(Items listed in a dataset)
····················
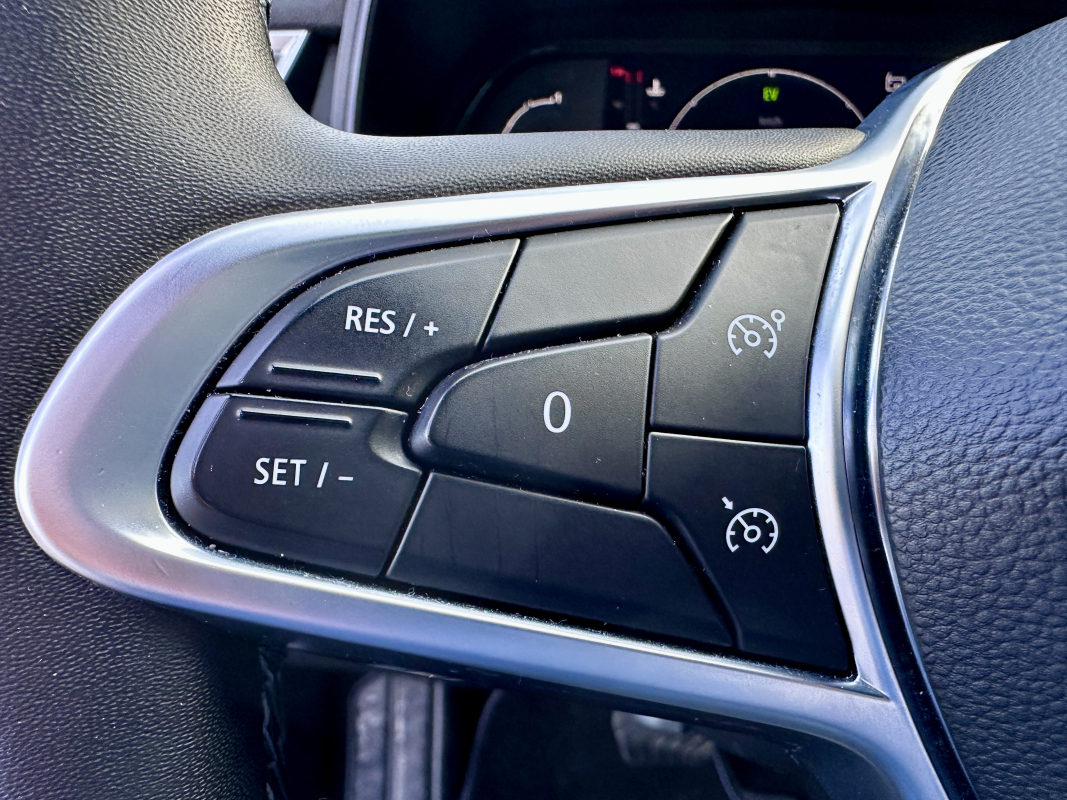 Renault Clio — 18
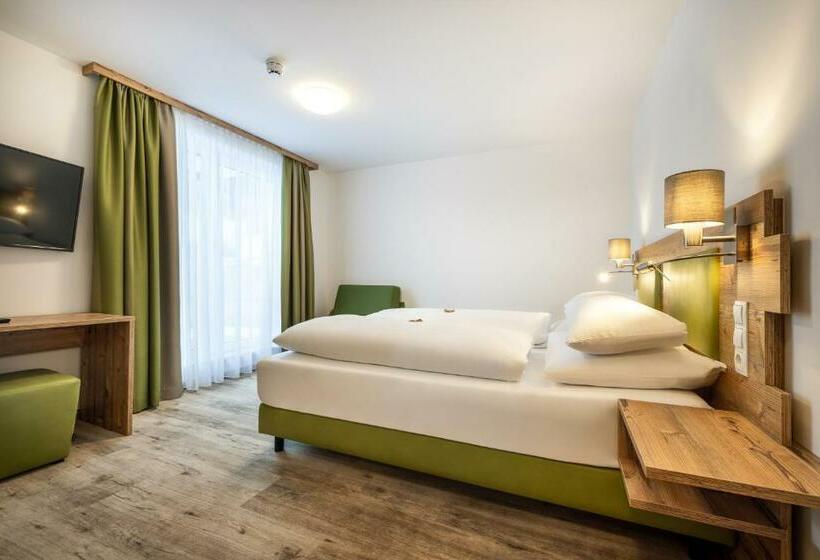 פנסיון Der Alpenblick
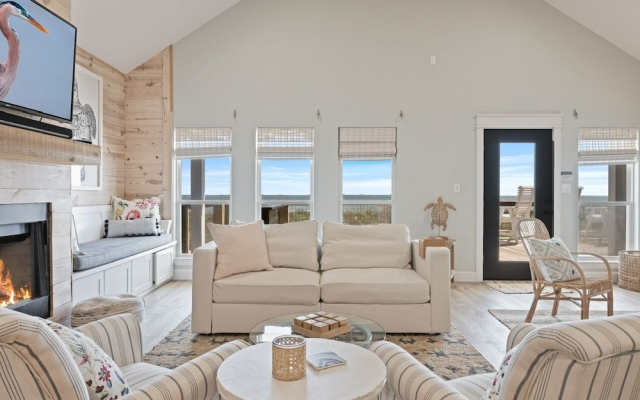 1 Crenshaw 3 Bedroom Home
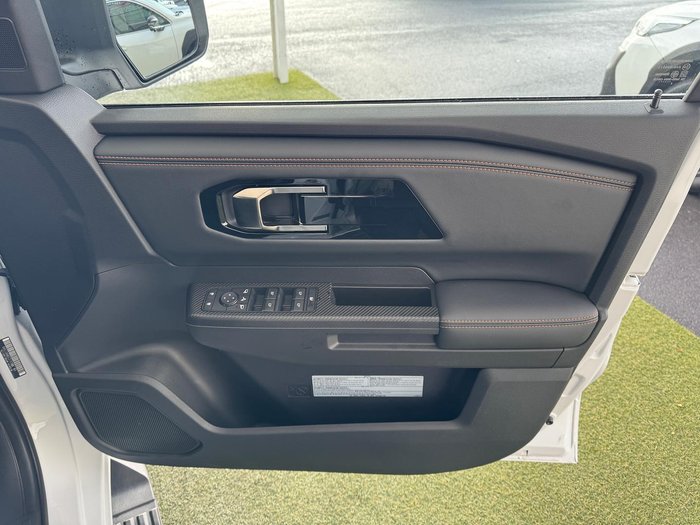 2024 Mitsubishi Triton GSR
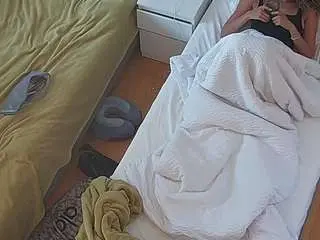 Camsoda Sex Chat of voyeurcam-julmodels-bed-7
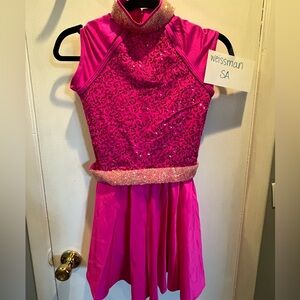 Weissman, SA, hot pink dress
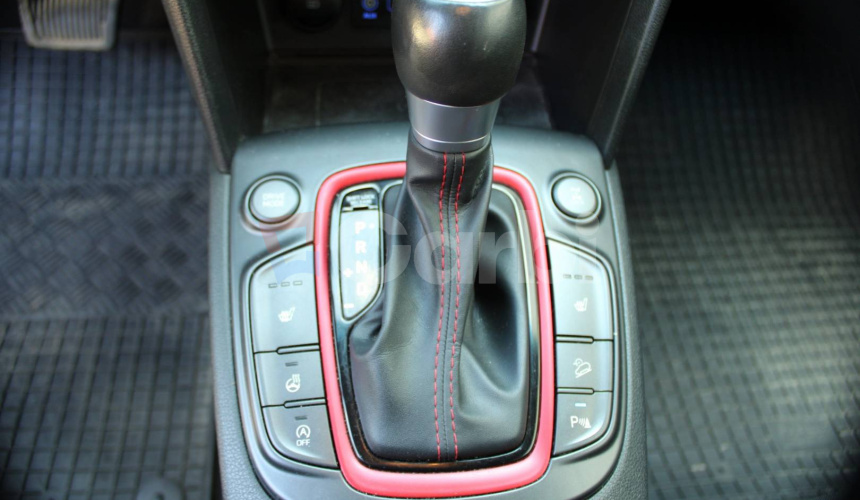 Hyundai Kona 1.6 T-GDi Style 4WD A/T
····················
Copy the lines from the line that contains "1 Crenshaw 3 Bedroom Home" through the end of the records, exactly and with nothing added; leave the pictures out.

- **Answer box**
 1 Crenshaw 3 Bedroom Home
 2024 Mitsubishi Triton GSR
 Camsoda Sex Chat of voyeurcam-julmodels-bed-7
 Weissman, SA, hot pink dress
 Hyundai Kona 1.6 T-GDi Style 4WD A/T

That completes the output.